[RECORDS SHOWN — start]

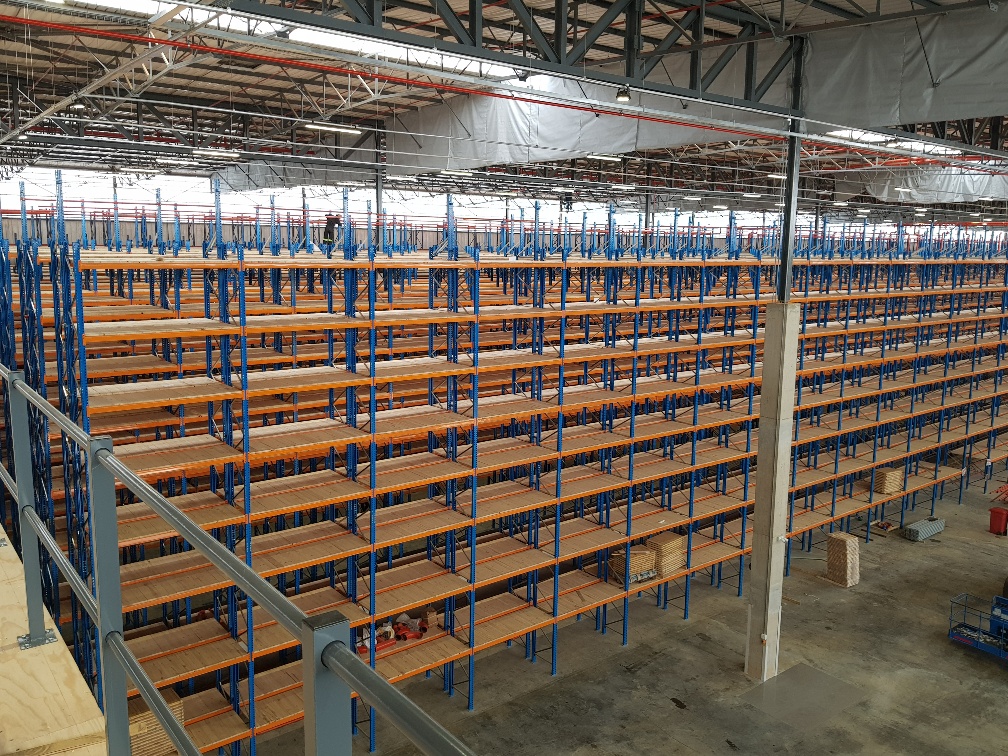 A worker standing on and installing a multilevel warehouse shelf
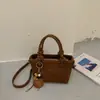 Otoño 2026 Nuevo Estilo Coreano Bolso de Mano Sencillo Bolso Cubo Sencillo de Moda Bolso de Hombro Único con Textura Bolso Cruzado
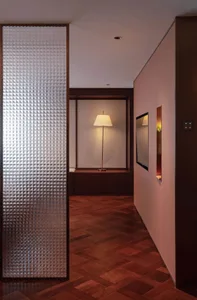 A modern hallway with a pink wall, wooden floor, and a couch in the middle, lit by two lamps and a mirror on the right side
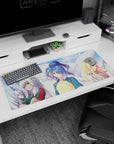 36x16 inches anime girl desk pad featuring blue-haired jersey girl with kanji, flanked by silver and blonde.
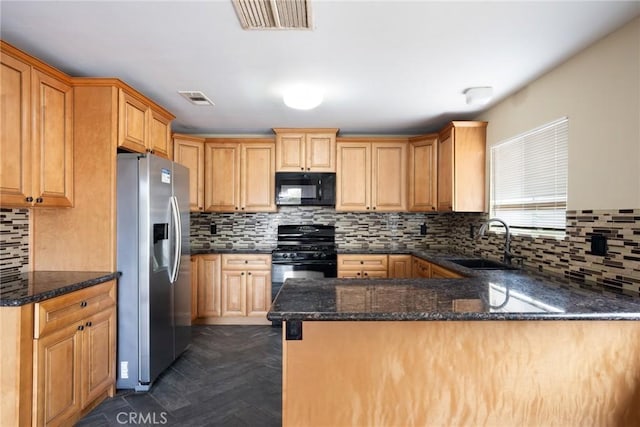 kitchen featuring kitchen peninsula, sink, dark parquet floors, and black appliances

[RECORDS SHOWN — finish]

PROBLEM STATEMENT | Give an exact copy of the line containing "A modern hallway" and every line after it through the end of the entries. Pictures are to be dropped.

RESULT OF THIS TASK |
 A modern hallway with a pink wall, wooden floor, and a couch in the middle, lit by two lamps and a mirror on the right side
 36x16 inches anime girl desk pad featuring blue-haired jersey girl with kanji, flanked by silver and blonde.
 kitchen featuring kitchen peninsula, sink, dark parquet floors, and black appliances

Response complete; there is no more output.